I have created a Neural Network from scratch with loss functions as cross entropy loss. I am getting the nan in the predictions each epoch in each batch after few epochs. I have initialized the weights randomly, does anyone has any idea what could be the issue?
I have verified my implementation of Softmax using the in-build softmax function, but I am still facing the issue.
Most probably, according to me, the issue is caused by the backpropagation of cross-entropy loss with respect to Soft-max, can anyone guide me from where can I find the code for backpropagation of cross-entropy loss.
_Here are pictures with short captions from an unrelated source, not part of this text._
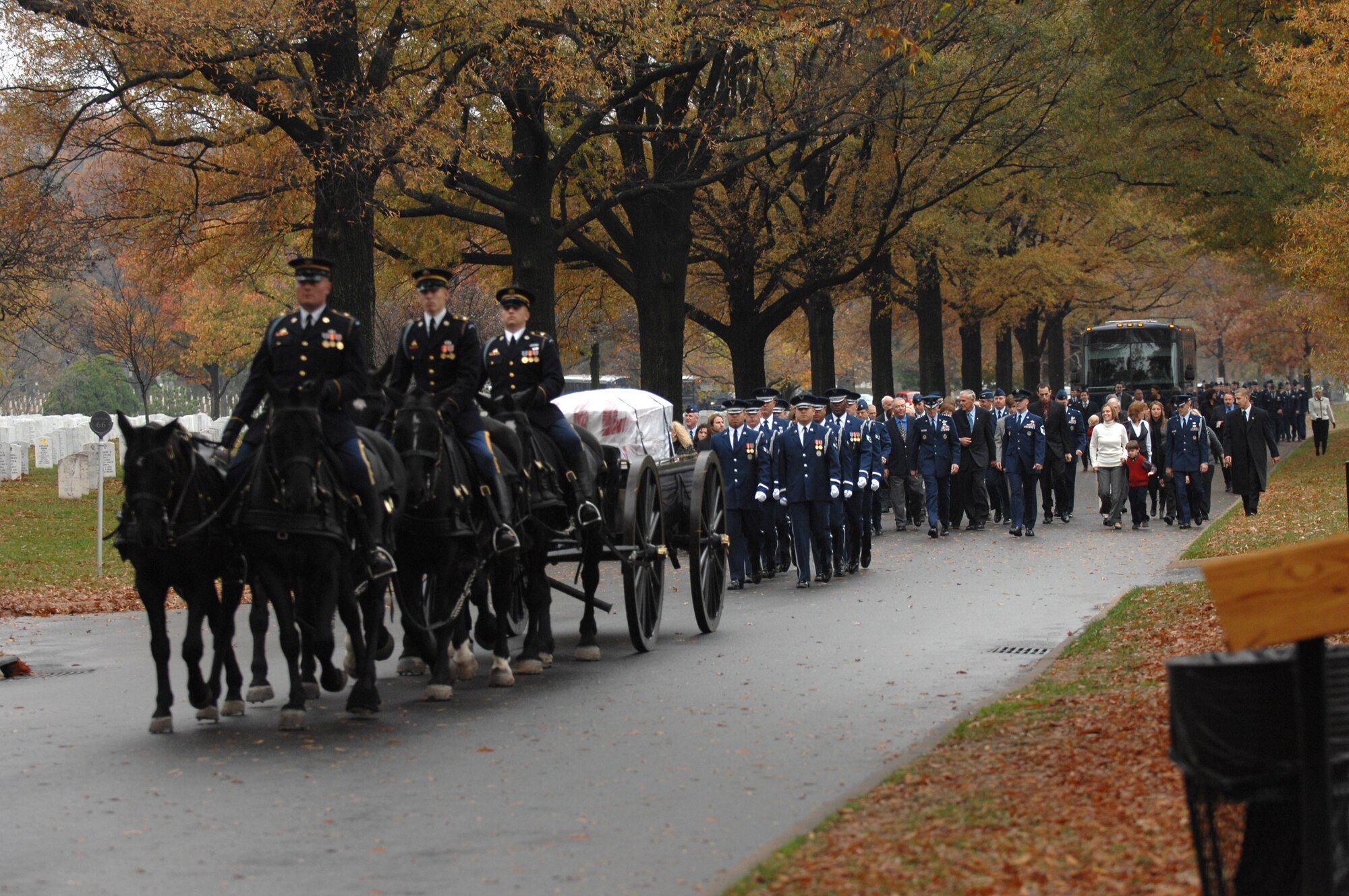 A full funeral procession marches for a group burial ceremony for six fallen crewmembers of a B-52 Stratofortress that crashed July 21 off Guam's Northwest coast Nov. 14 at Arlington National Cemetery in Virginia. Five of the crew members were stationed at Barksdale Air Force Base, La., deployed to Guam with the 20th Expeditionary Bomb Squadron as part of the Defense Department's continuous bomber presence mission in the Pacific. The sixth crewmember was the deputy commander of 36th Medical Group at Andersen AFB, Guam. (U.S. Air Force photo/Staff Sgt. Catherine Thompson) 
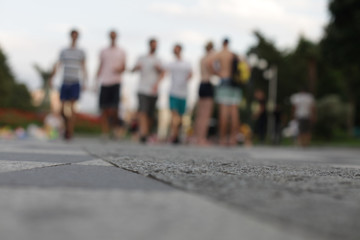 Abstract city light blur blinking background. Soft focus. Group of people view from below.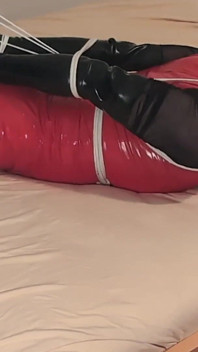 Hot Blonde in Hogtie, Long Latex Gloves, Red Pvc Dress and Stockings Let to Struggle to Get Free.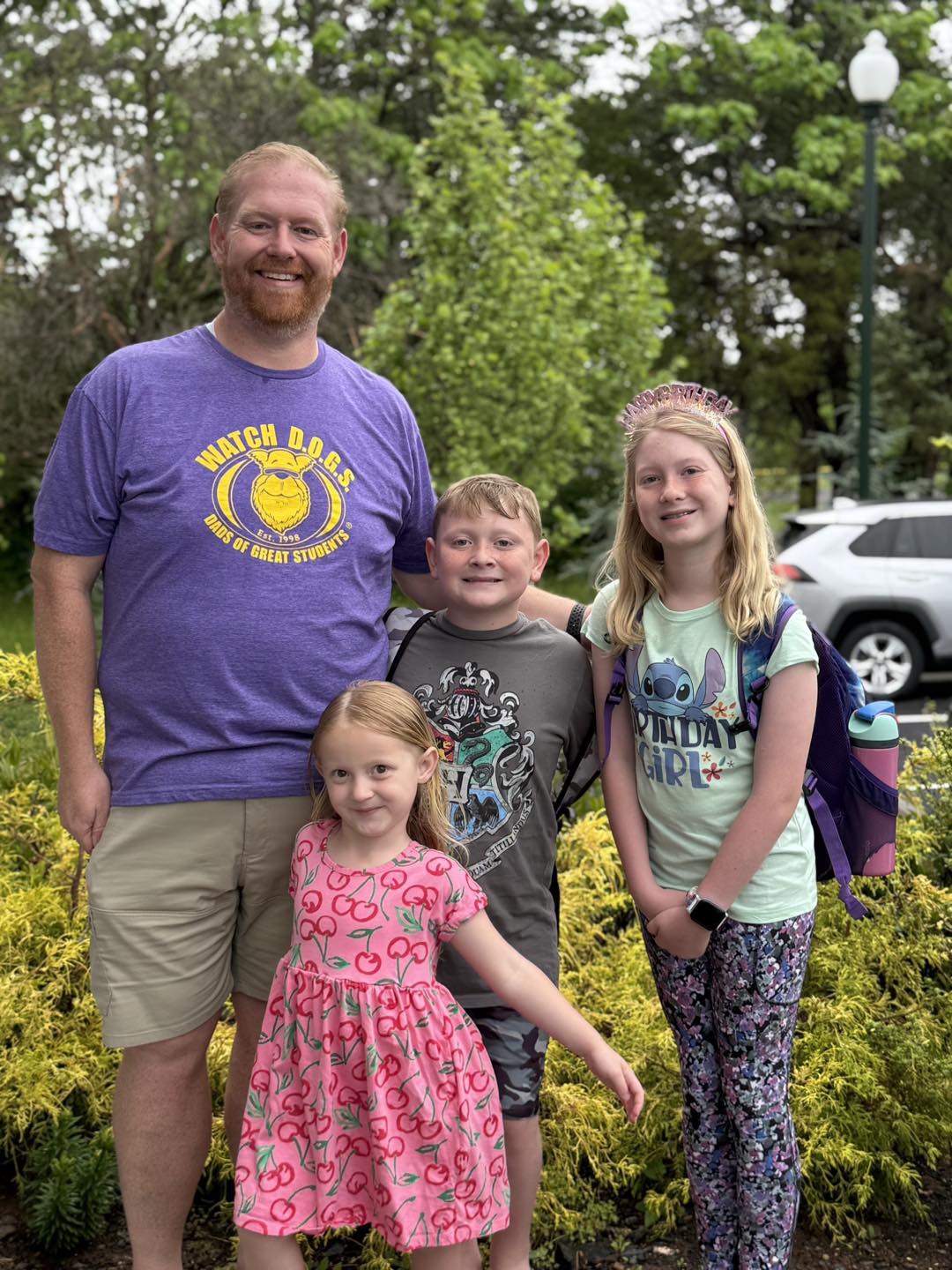 Will Glass, Top Dog coordinator, and his three children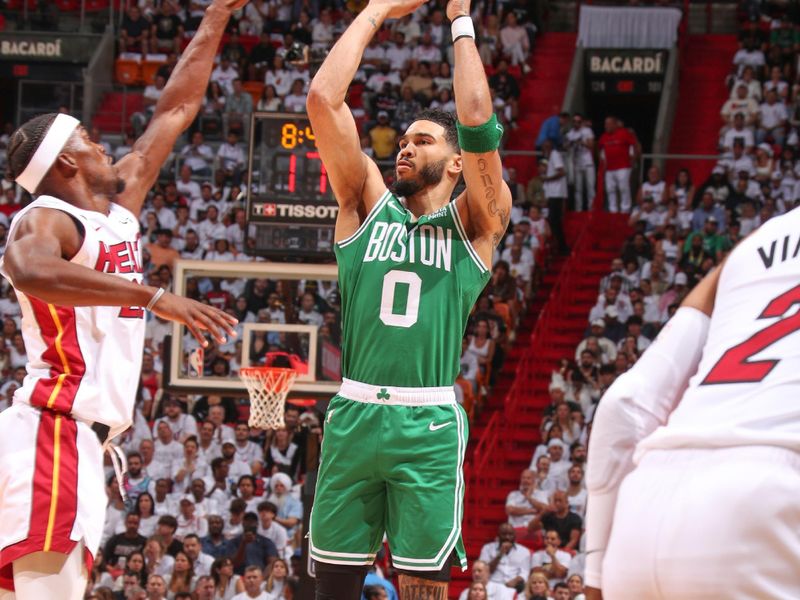 MIAMI, FL - MAY 19:  Jayson Tatum #0 of the Boston Celtics shoots the ball during the game  during round 3 game 4 of the Eastern Conference Finals 2023 NBA Playoffs on May 19, 2023 at the Kaseya Center Arena in Miami, Florida. NOTE TO USER: User expressly acknowledges and agrees that, by downloading and or using this Photograph, user is consenting to the terms and conditions of the Getty Images License Agreement. Mandatory Copyright Notice: Copyright 2023 NBAE (Photo by Issac Baldizon/NBAE via Getty Images)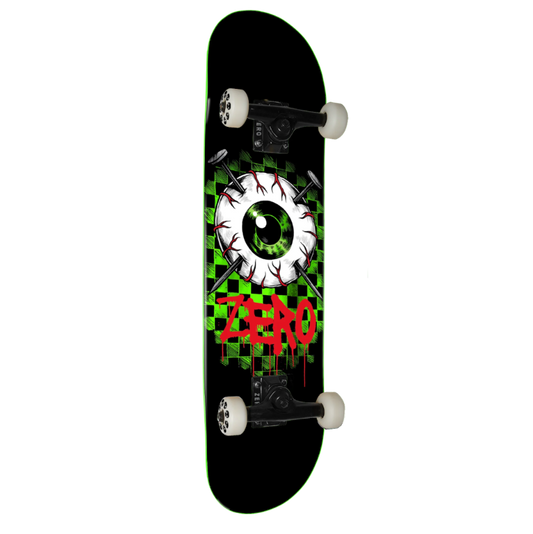 A skateboard shown from the underside, featuring a black deck with a green and black checkered graphic, a large white eyeball design with red details, and the word 'ZERO' in red graffiti-style lettering. The skateboard is equipped with white wheels and black trucks, set against a plain white background.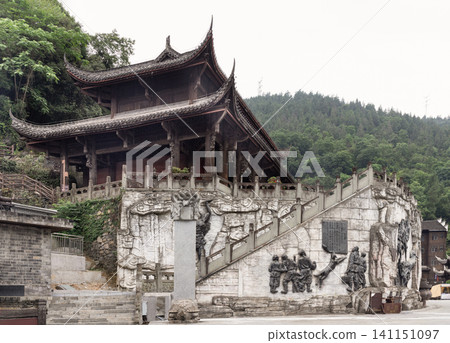 The iconic multi-tiered wooden pavilions and Jiuli Palace structures of Chiyou Jiuli City, China's largest traditional Miao ethnic group architectural complex in Pengshui County. The iconic multi-tiered wooden pavilions and Jiuli Palace structures of Chiyou Jiuli City, China's largest traditional Miao ethnic group architectural complex in Pengshui County. 141151097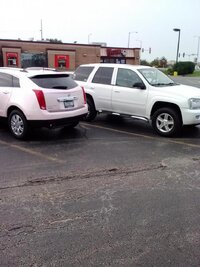 pink caddy next to.JPG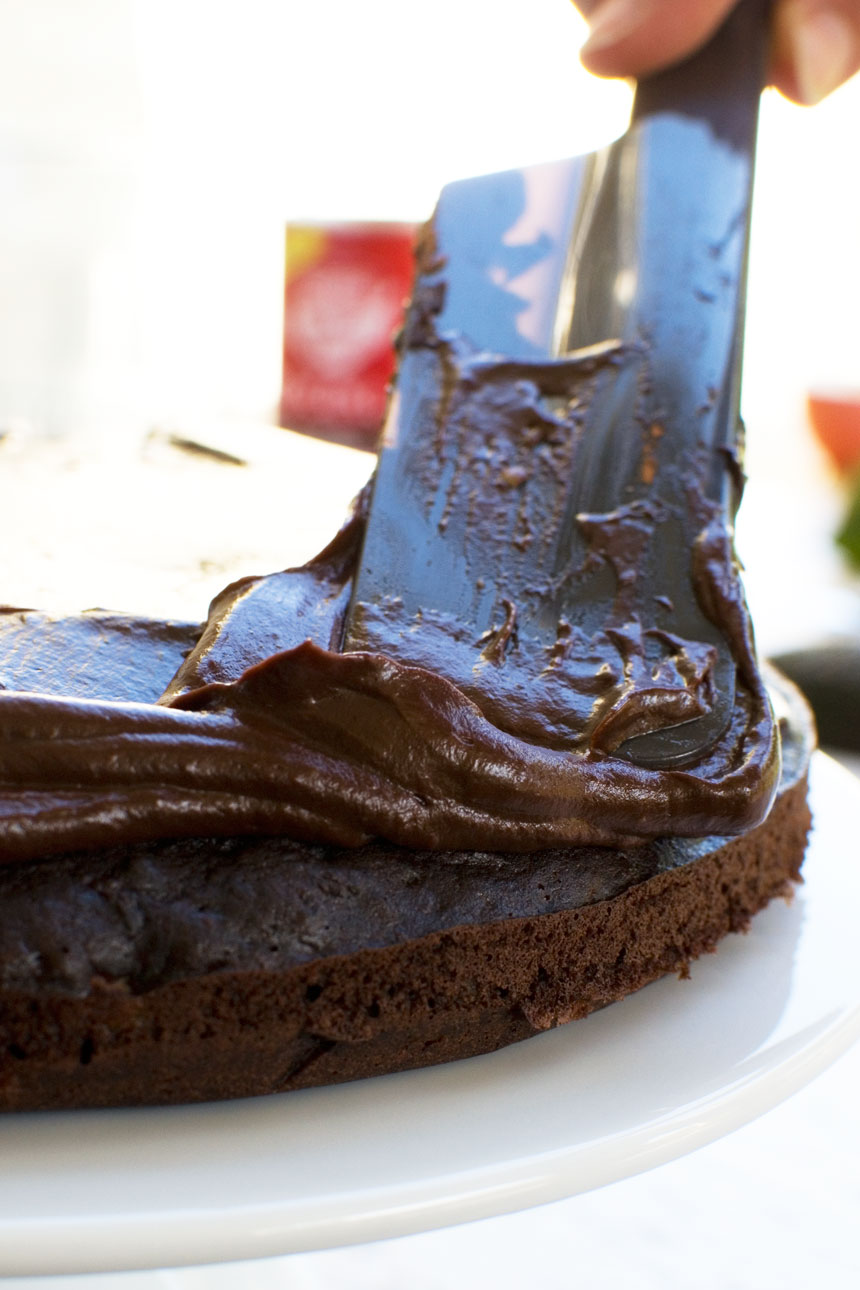 Closeup of someone spreading frosting on a 30 minute healthy chocolate cake with a spatula
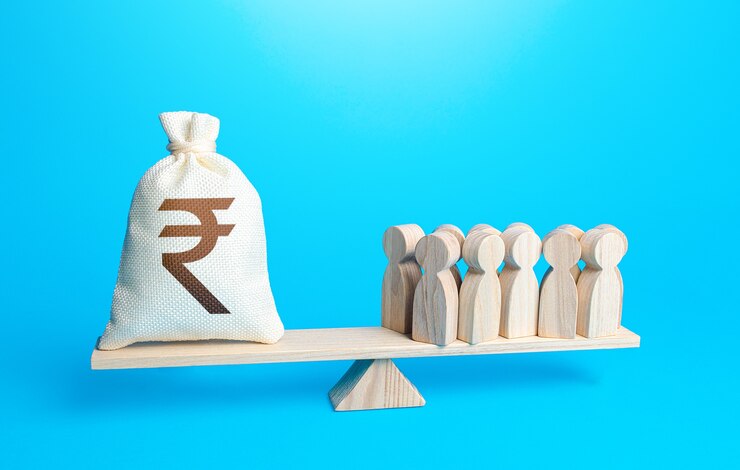 फोटो group of people and indian rupee sterling money bag on weight scales staff maintenance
a naive softmax implementation (exp(x) / exp(x).sum()) is not numerically stable: exp(x) can easily overflow or underflow. Test your implementation with x=[1000.0] to see if that’s the case. To fix the issue, subtract max(x) from x before computation:
import numpy as np
def naive_softmax(x):
s = np.exp(x)
return s / s.sum()
def stable_softmax(x):
return naive_softmax(x - max(x))
>>> x = np.array([1000.0])
>>> naive_softmax(x)
__main__:2: RuntimeWarning: overflow encountered in exp
__main__:3: RuntimeWarning: invalid value encountered in true_divide
array([nan])
>>> naive_softmax(-x)
array([nan])
>>> stable_softmax(x)
array([1.])
>>> stable_softmax(-x)
array([1.])
Additionally, softmax and cross-entropy can be fused into single layer to further improve stability of the computations.
I am building a simple NN, and the first warning which I was getting was related to Softmax, after using the in-build function, the next warning which I am getting is related to the back propagation of cross-entropy loss, with SoftMax.